§ **DATA TO USE**:
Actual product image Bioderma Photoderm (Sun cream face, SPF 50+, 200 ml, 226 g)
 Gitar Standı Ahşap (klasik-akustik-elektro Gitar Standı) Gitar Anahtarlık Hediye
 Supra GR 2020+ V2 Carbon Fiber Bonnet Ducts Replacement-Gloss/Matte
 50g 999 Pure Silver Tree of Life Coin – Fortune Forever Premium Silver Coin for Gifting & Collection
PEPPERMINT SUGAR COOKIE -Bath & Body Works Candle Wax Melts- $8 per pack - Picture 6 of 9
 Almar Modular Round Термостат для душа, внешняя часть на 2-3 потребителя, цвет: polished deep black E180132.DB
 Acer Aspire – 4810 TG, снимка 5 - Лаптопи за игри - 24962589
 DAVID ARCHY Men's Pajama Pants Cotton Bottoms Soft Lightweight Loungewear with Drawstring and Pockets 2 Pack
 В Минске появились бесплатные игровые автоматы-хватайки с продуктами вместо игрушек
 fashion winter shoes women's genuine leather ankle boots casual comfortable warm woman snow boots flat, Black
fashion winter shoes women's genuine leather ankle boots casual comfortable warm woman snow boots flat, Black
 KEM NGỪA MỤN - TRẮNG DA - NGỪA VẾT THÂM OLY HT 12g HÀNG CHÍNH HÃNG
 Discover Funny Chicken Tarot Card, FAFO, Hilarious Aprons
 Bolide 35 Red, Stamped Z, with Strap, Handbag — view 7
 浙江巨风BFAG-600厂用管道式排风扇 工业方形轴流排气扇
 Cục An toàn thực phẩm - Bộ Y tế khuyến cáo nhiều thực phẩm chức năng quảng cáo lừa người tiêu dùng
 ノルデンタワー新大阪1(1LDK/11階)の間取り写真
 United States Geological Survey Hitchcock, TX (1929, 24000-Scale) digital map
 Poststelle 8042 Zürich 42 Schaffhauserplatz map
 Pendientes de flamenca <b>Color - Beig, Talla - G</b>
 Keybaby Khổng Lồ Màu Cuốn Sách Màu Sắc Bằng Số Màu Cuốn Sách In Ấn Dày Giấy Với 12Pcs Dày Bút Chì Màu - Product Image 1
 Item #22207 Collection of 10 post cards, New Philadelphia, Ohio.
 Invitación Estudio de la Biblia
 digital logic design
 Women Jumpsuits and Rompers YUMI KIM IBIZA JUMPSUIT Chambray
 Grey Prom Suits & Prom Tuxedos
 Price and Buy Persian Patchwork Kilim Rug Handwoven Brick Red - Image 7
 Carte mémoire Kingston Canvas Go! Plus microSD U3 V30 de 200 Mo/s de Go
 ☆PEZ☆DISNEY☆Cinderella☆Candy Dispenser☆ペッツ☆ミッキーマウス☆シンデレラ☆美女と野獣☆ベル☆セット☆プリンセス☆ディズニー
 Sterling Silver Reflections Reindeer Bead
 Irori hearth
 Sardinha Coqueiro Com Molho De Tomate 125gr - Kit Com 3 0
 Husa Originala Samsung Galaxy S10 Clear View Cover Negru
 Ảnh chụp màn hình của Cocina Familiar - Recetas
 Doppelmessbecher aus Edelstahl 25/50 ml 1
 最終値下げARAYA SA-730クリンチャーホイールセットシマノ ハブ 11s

§ **PROBLEM REQUIREMENTS**:
Everything from the line with "Irori hearth" down to the last line of the data above should be returned exactly, with both ends kept and nothing added.

§ **OUTPUT OF THE EXERCISE**:
 Irori hearth
 Sardinha Coqueiro Com Molho De Tomate 125gr - Kit Com 3 0
 Husa Originala Samsung Galaxy S10 Clear View Cover Negru
 Ảnh chụp màn hình của Cocina Familiar - Recetas
 Doppelmessbecher aus Edelstahl 25/50 ml 1
 最終値下げARAYA SA-730クリンチャーホイールセットシマノ ハブ 11s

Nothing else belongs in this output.